TW
0
By Humphrey Carter and Paul Day

PALMA AND MADRID
UNION bosses in the Balearics yesterday demanded that the local government take urgent action to stem runaway unemployment after the latest figures revealed that 41'300 people lost their jobs during the first three months of the year pushing the total number of Balearic unemployed up to a record 110'800.

The first quarter unemployment figures have dealt a severe blow to the alleged credit-crunch busting plans of both local and central government with a total four million people out of work across Spain.

The level of unemployment in the Balearics is now at an alarming 20 percent, the fourth highest in the country, after the number of people out of work at the end of March was nearly 60 percent higher than the end of the first quarter of last year.

After a sharp slowdown in the number of jobs being lost in January and February, there were high hopes that the advent of the tourist season would fuel job creation - but the latest figures clearly show that was wishful thinking and that, as the unions are demanding, the government start taking immediate and effective action.

The number of unemployed in Spain has nearly doubled over the past year as the recession destroys jobs more quickly than anywhere else in Europe.
The unemployment rate of 17.4 percent announced by the National Statistics Institute is more than double the European average, as the sources of Spanish growth since the mid-1990s are exposed as products of a credit bubble.

The figure is a major embarrassment for the Socialist government, which had said unemployment would peak at 4 million.
The government has launched a 70 billion euro fiscal stimulus programme to try to counteract the collapse of the construction sector, as well as toughened controls on immigration to slow growth of the workforce. “These figures are bad and they're worse than expected,” Economy Minister Elena Salgado told a news conference, adding that she expected the effect of government infrastructure spending to kick in by April and that joblessness will start to rise more slowly.

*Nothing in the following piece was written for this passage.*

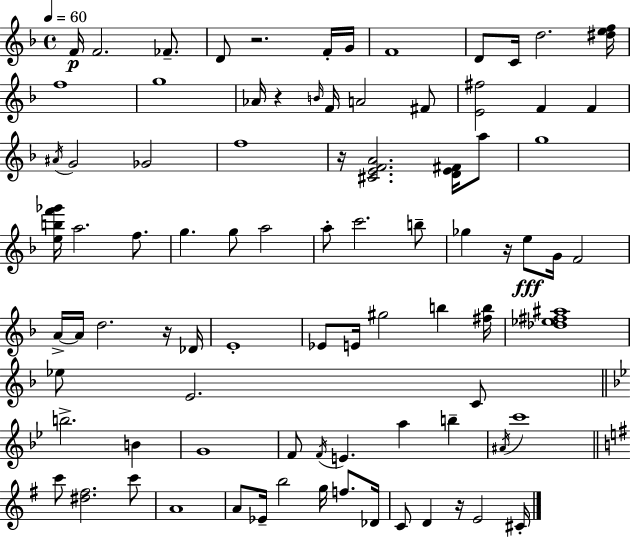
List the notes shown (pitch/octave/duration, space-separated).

F4/s F4/h. FES4/e. D4/e R/h. F4/s G4/s F4/w D4/e C4/s D5/h. [D#5,E5,F5]/s F5/w G5/w Ab4/s R/q B4/s F4/s A4/h F#4/e [E4,F#5]/h F4/q F4/q A#4/s G4/h Gb4/h F5/w R/s [C#4,E4,F4,A4]/h. [D4,E4,F#4]/s A5/e G5/w [E5,B5,F6,Gb6]/s A5/h. F5/e. G5/q. G5/e A5/h A5/e C6/h. B5/e Gb5/q R/s E5/e G4/s F4/h A4/s A4/s D5/h. R/s Db4/s E4/w Eb4/e E4/s G#5/h B5/q [F#5,B5]/s [Db5,Eb5,F#5,A#5]/w Eb5/e E4/h. C4/e B5/h. B4/q G4/w F4/e F4/s E4/q. A5/q B5/q A#4/s C6/w C6/e [D#5,F#5]/h. C6/e A4/w A4/e Eb4/s B5/h G5/s F5/e. Db4/s C4/e D4/q R/s E4/h C#4/s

With the 4 million milestone already reached and the end of the recession seemingly far away, analysts said the peak in unemployment looks set to be far higher, with depression-era levels over 20 percent looming. “The momentum is clearly there for something well above 20 percent, it's odds on really. My own forecast is that it gets to something around about 23 percent,” said economist at BNP Paribas Dominic Bryant.

Unemployment leapt from 13.9 percent in the fourth quarter of last year, the biggest quarterly jump since 1976, and has already surpassed the Bank of Spain's forecast of a maximum of 17.1 percent for the year.

JOBS SLAUGHTER
The labour market slaughter is a product of the unbalanced way Spain's economy grew from the 1990s, creating jobs quicker than any other major European economy due to a now-bust construction boom that was reliant on low-productivity and cheap labour.

Another source of Spain's growth - rampant consumer spending - has also gone into reverse due to the disappearance of cheap foreign credit, taking hundreds of thousands of service sector jobs with it.

Prime Minister Jose Luis Rodriguez Zapatero has indicated he could boost public spending further despite warnings from economists that Spain is reaching its fiscal limits.

But, while infrastructure spending is helping some companies, many smaller firms are suffocating for lack of credit. “Things are terrible and the government just doesn't want to fix it,” said unemployed health worker Raquel, who did not want to provide her surname. “The government should give money to the small and medium sized companies so they can start seriously rehiring,” she told Reuters Television at a Madrid job centre.

The International Monetary Fund said on Wednesday Spain should be wary of extra fiscal stimulus measures and must curb spending to cut a ballooning budget deficit expected to rise above 8 percent of gross domestic product this year.

Instead, economists and business say the government should make it cheaper to hire and fire, something unions say they will fight and which Zapatero has promised not to do. “The workers are not going to have to pay for this crisis so long as I'm prime minister. They are not going to lose any social or political rights,” Zapatero said in an interview published in France's Le Monde yesterday.

Bryant saw Spain's economy, long healthily dependent on construction and private foreign financing, continuing to contract sharply in 2010 before stagnating in 2011.